Spectrum: Are there technical differences in composing for a game?

JD: I would say structural differences. The technical sides are pretty similar, in terms of the way the music is presented or the way the music is recorded. But structurally, a video game is much more of a big puzzle. You have to write pieces of music that can fit with other pieces of music that are disparate from what you intended. There's a distinct art or a technique in video games that one has to observe too. It's more segmented. For one thing, it's used in a much bigger time frame. A gaming title—let's say it's 82 hours of game play. One has to bear that in mind as a composer.

With a film, you write a given piece of music, and it's supposed to be in a given place in the film. And it will lead chronologically into another piece of music. Gaming is horizontal and three-dimensional—you've got to make some music work as the game changes. You have to make sure that your music can change with what's happening in the game. In other words, it's a different technique of writing. The game is much more of a 3-D puzzle; in the film it's more of a linear, chronological approach.

Spectrum: I go to a lot of movies, and I hardly play games at all, so this is probably a naive question: Are there aesthetic differences as well? In a movie, frequently you're setting a mood or evoking a mood or some other moment in the film because of an emotion. Does the same thing happen in a game, or is it more narrative and action-oriented?

JD: No, that's a great question. I think the lines are blurring. We're finding that for a lot more games now, instead of a lot of action and no narrative, you're getting a lot of narrative. In Lair, the game I did, there are many more set dramatic moments and pieces and areas of the game where you sit back and watch these little minimovies playing in front of you. They give you the context of why you're going to go into battle or what the circumstances are that have led up to a given set piece. I think that's wonderful.

Again, the lines are getting very, very blurred. Many of these newest games that are coming out, these minimovies, though they're only a few minutes long, are really quite sophisticated. They have a wonderful score, they give you the characters, you're introduced to the world and the conflicts within that world. So by intent, the video-game designers want this to be more of a visceral, filmlike experience. That's a wonderful thing, because it adds depth and dimension to the video-game experience. It's getting much more filmlike!

Spectrum: So, correspondingly, film music used to lend itself much more than games to individual songs that could be released on a CD or even broken into the Top 40, and not so much for games. Is that changing too?

JD: Yes. As they're getting more sophisticated, games are going to need more, as it were, real dramatic scoring. Now you've got love stories and back stories and political intrigue stories. I think again, it makes it more interesting, more fun for the composer, and potentially a better listening experience.

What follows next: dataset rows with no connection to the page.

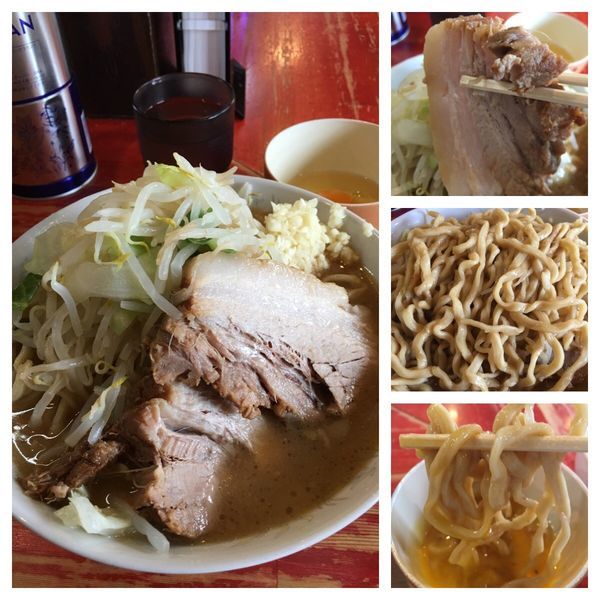 「小ラーメン 750円、生たまご 50円」@ラーメン二郎 会津若松駅前店の写真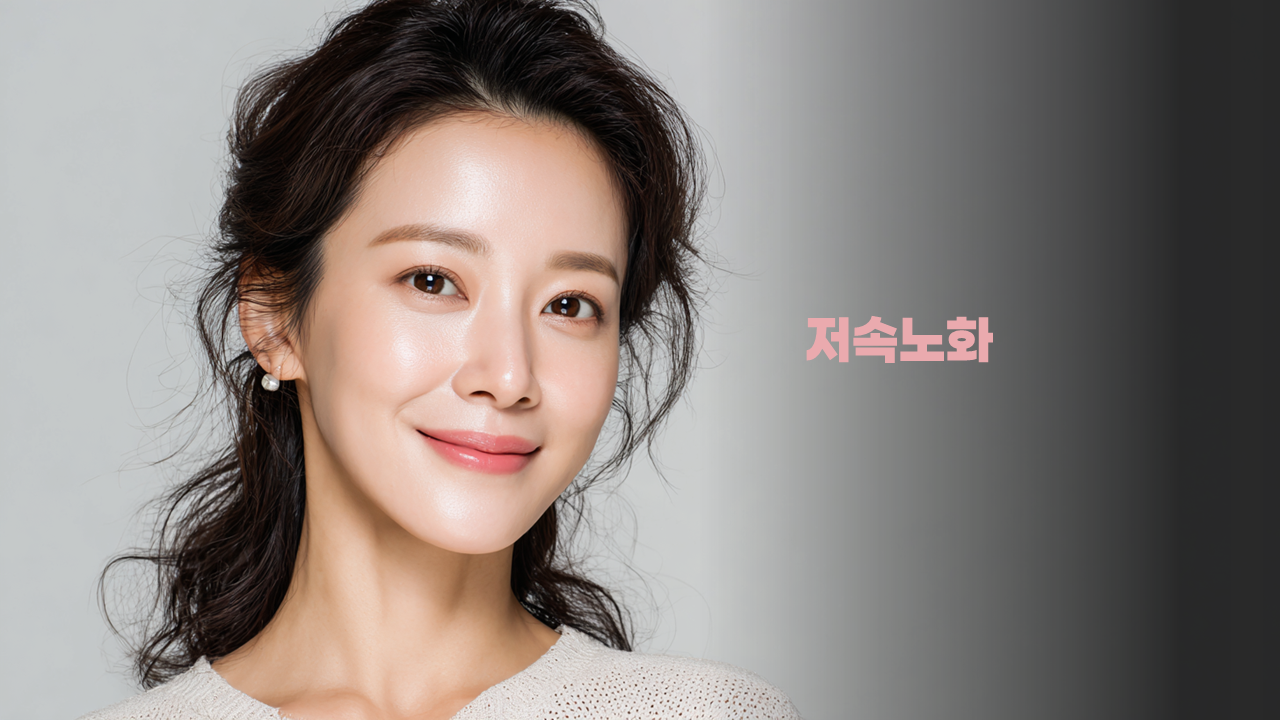 중년 저속노화, 노화방지, 저속노화시스템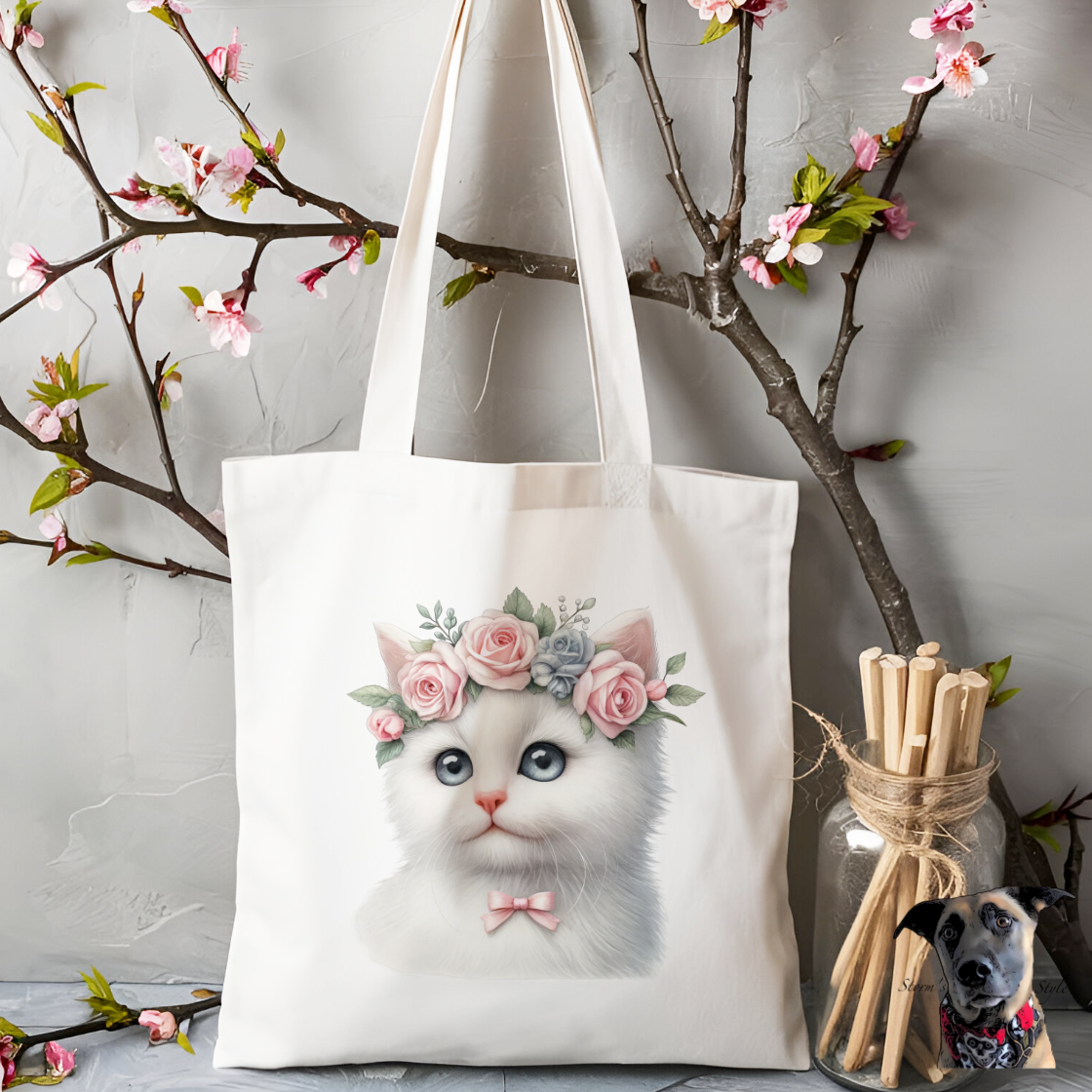 Storms Style - Wholesale Tote Bag - Women's - Kittens Tote Bag - Cat - 28 designs19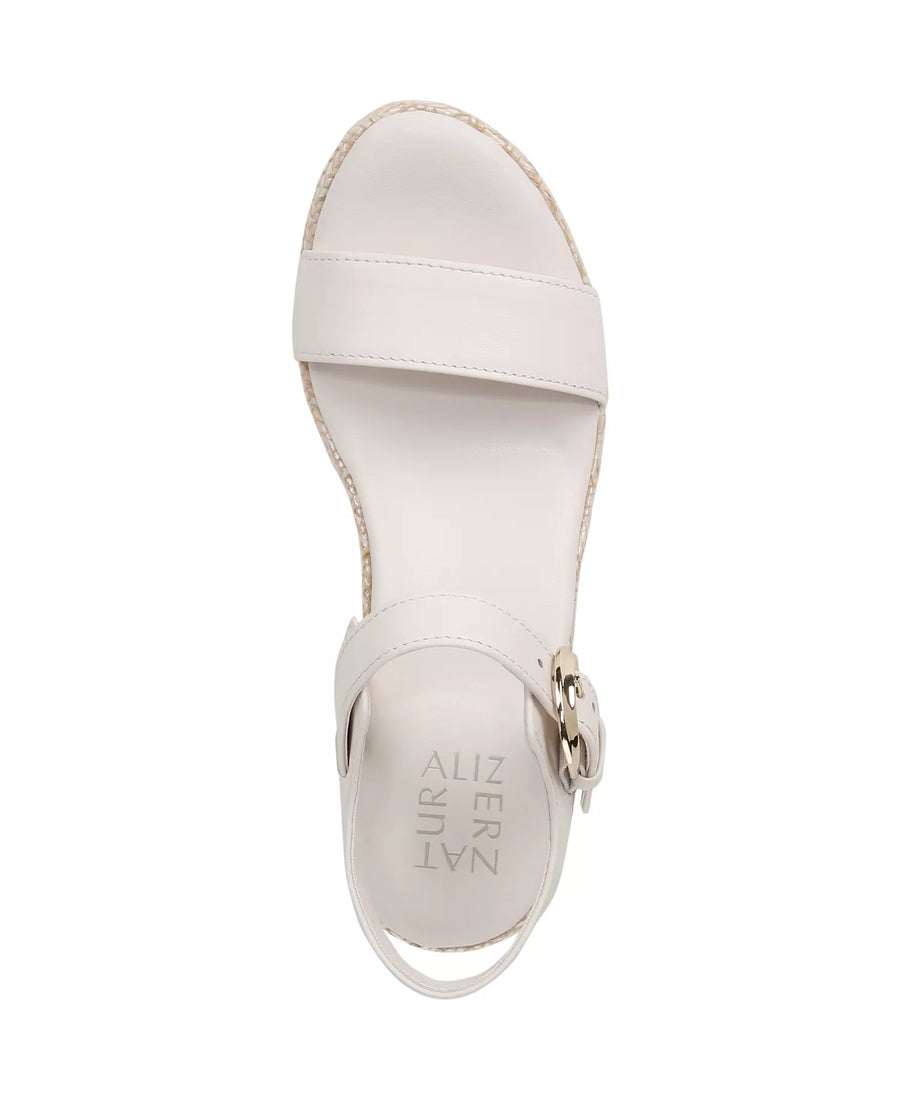 Naturalizer Women's Stella Open Round Toe Buckle Wedge Sandals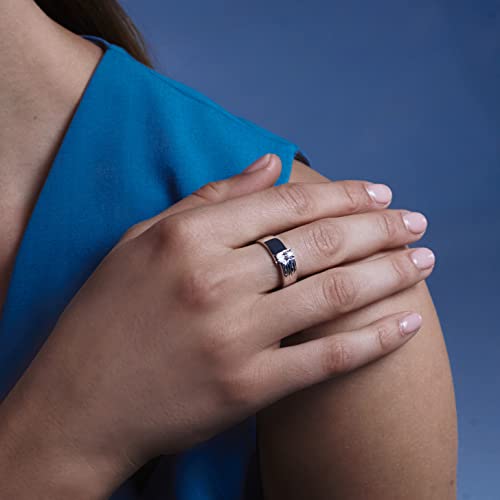 Bague fiançailles argent 925 rhodié structure ondulée cadeau idéal
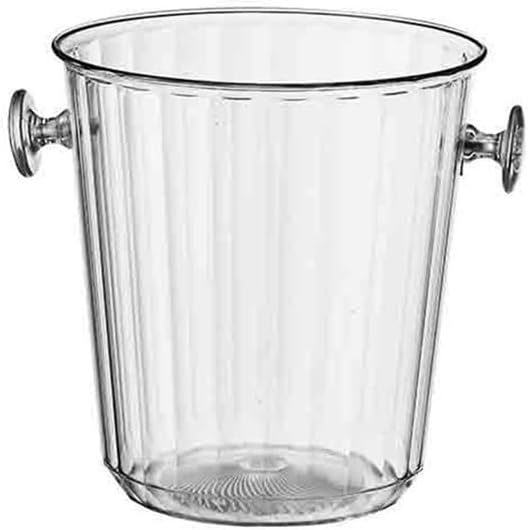 Ice Bucket, Acrylic Ice Bucket Commercial Champagne Bucket Home Bar Small Ice Pellet Bucket Filled with Ice Ice Buckets For Parties(Medium)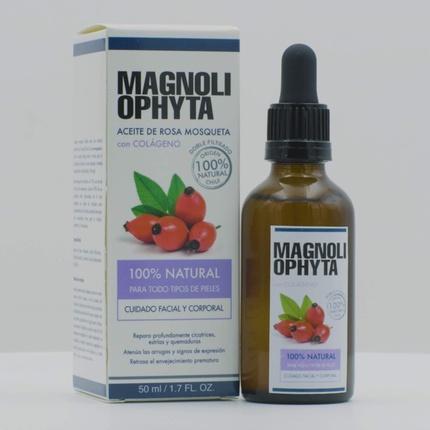 Actual product image Magnoliophyta Rosehip Oil With Collagen 50ml (Body oil, 50 ml)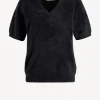 Lisa Yang Pullover<Strickshirt Lovisa in Black Brushed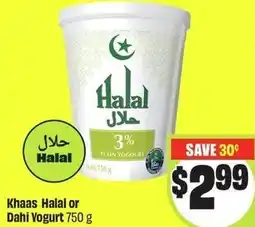 FreshCo Khaas Halal or Dahi Yogurt offer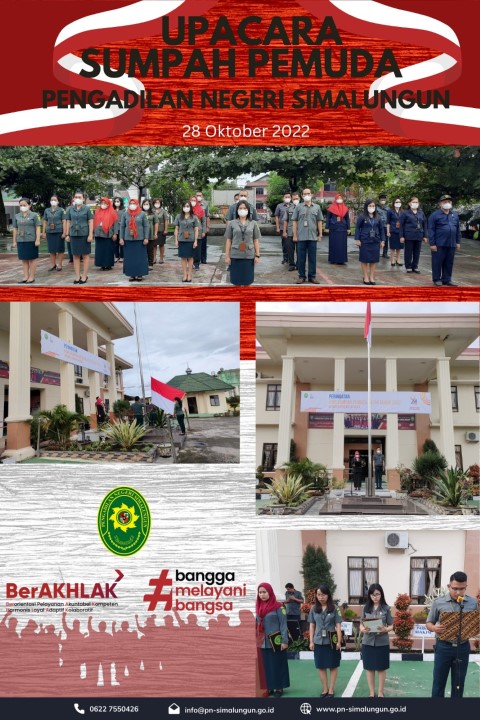 Upacara Peringatan Hari Sumpah Pemuda Ke - 94 pada Pengadilan Negeri Simalungun Upacara Peringatan Hari Sumpah Pemuda Ke - 94 pada Pengadilan Negeri Simalungun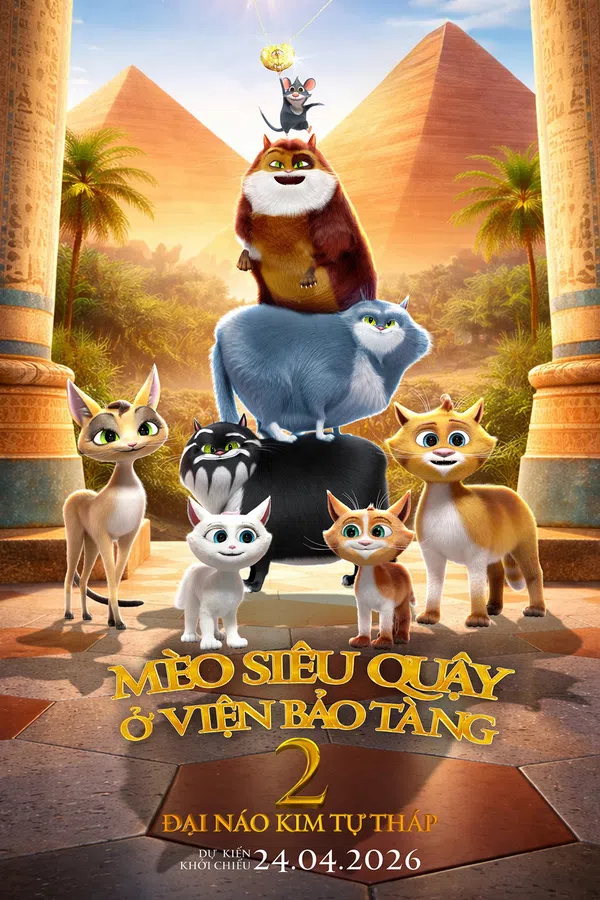 Xem Phim Mèo Siêu Quậy Ở Viện Bảo Tàng 2: Đại Náo Kim Tự Tháp Vietsub HD Online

There's been a wonderful advent of gaming concerts, which are becoming hugely popular—which, by the way, hasn't happened as much in the film arena. Guys like Jack Wall and Tony Telerico are presenting game music on the concert stage, and they're wildly successful. I just think it's a tremendous thing, and the film business could take note.

That's one example of where—and I hazard to say this—but I think the video-game community as a whole is where a lot of the more imaginative people reside right now. I think that's just a fact. When you look at the fare that Hollywood is producing and then you look at some of what the video-game community is producing, it's quite different in terms of just the sheer imaginative quality of the product. That's something that Hollywood really needs to look at, and I think they are starting to do that.